The state of 2011 Great Plains crop and livestock production was all too apparent during a drive from the Texas Panhandle to north-central Nebraska late last week. Drought-stricken, heavily parched, non-producing land yielded to acre-after-acre of lush corn and soybeans ready to bust bins if perfect weather continues.

The drive by your eWheat editor, as sick of southern-plains century-mark temperatures as any, brought to life drought-illustrating weather maps seen all year that virtually split the country into a brown and green nation. As rivers and streams remained filled up north, wildfires flared up again in Oklahoma and Texas, destroying hundreds of rural and urban homes. The big storms, Irene and Lee, brought welcomed rainfall to many regions, but not without flooding many others.

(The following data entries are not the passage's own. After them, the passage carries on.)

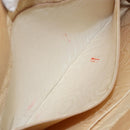 CHANEL COCO Mark Document case Clutch Bag Caviar Skin Beige Gold CC Auth 146822-18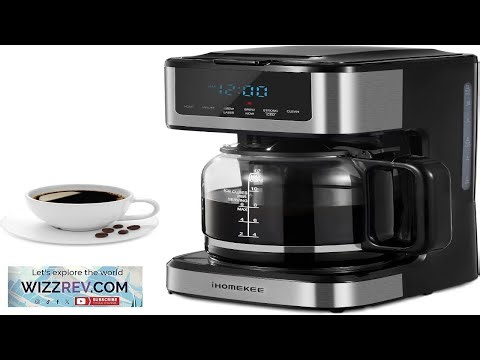 Coffee Maker Programmable Drip Coffee Maker 12 Cup Regular & Strong Brew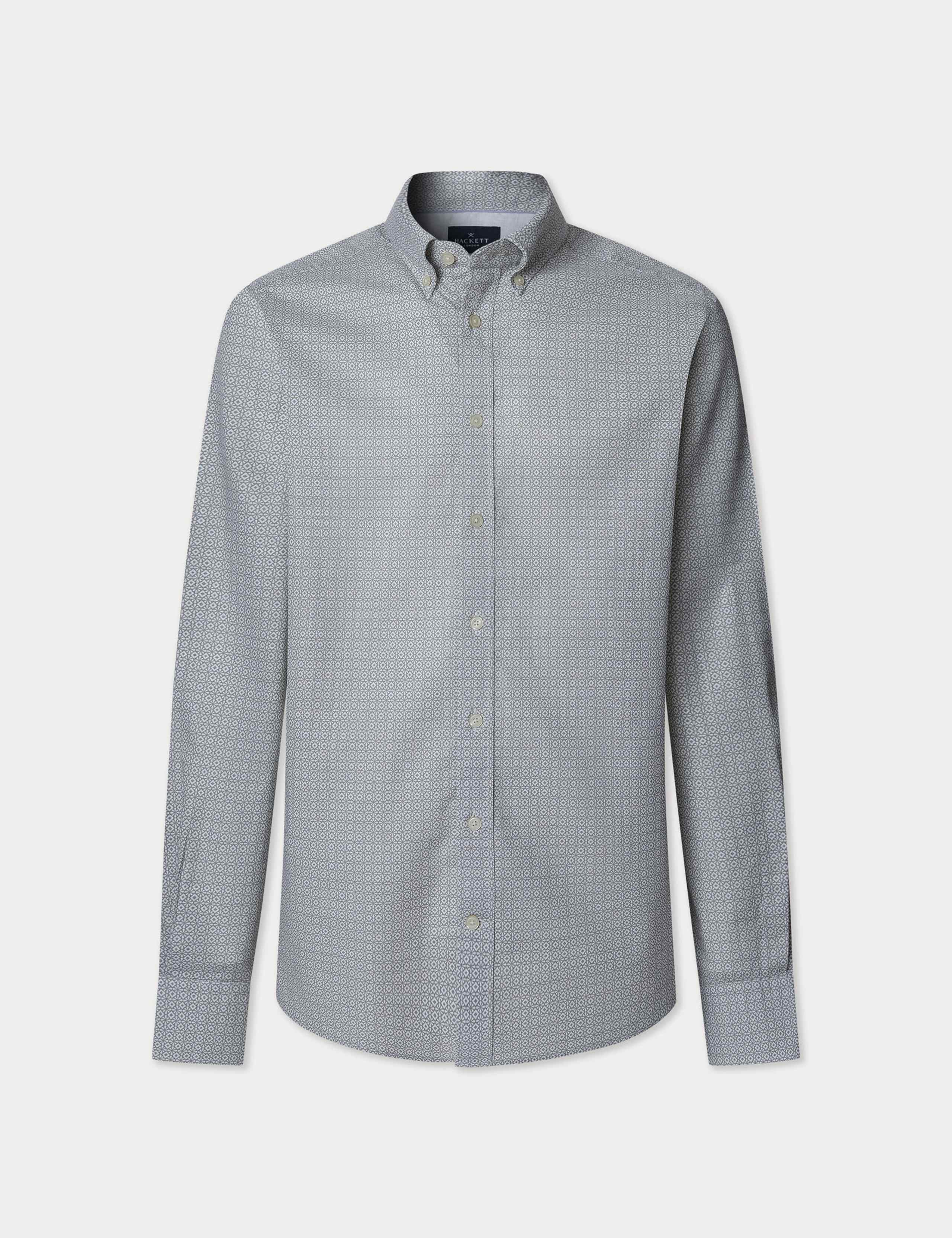 Pure Cotton Tiles Print Shirt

Southern farmers and ranchers are ready to plant winter wheat. But lack of soil moisture will prevent it for many eager to get forage started for fall grazing in regions scraping to keep cattle herds intact and keep from paying astronomical prices for hay that’s flourishing in regions from northern Kansas on up.

Meanwhile, strong wheat prices are providing early marketing opportunities for 2012 – if there is a crop to sell. It comes down to some sort of crop insurance or crop protection program, says Kim Anderson, Oklahoma State University Extension crop marketing specialist. “The single most important step in marketing 2012 wheat may be purchasing crop insurance,” Anderson says, noting that Oklahoma, Texas, the southern half of Kansas and southeastern Colorado are all suffering severe drought.

 “The long-term forecast indicates that the drought will continue. Crop insurance rates will not be available until about Sept. 15. The insured price will be the average of the Kansas City Board of Trade (KCBT) July wheat contract daily close for the Aug. 15 through Sept. 14 time period.

 “One note on prevented planting (under the federal farm program),” Anderson adds. “Word has it that USDA’s Risk Management Agency will not accept dry conditions as a reason for prevented planting. This implies that wheat must be ‘dusted-in’ by the final planting date.”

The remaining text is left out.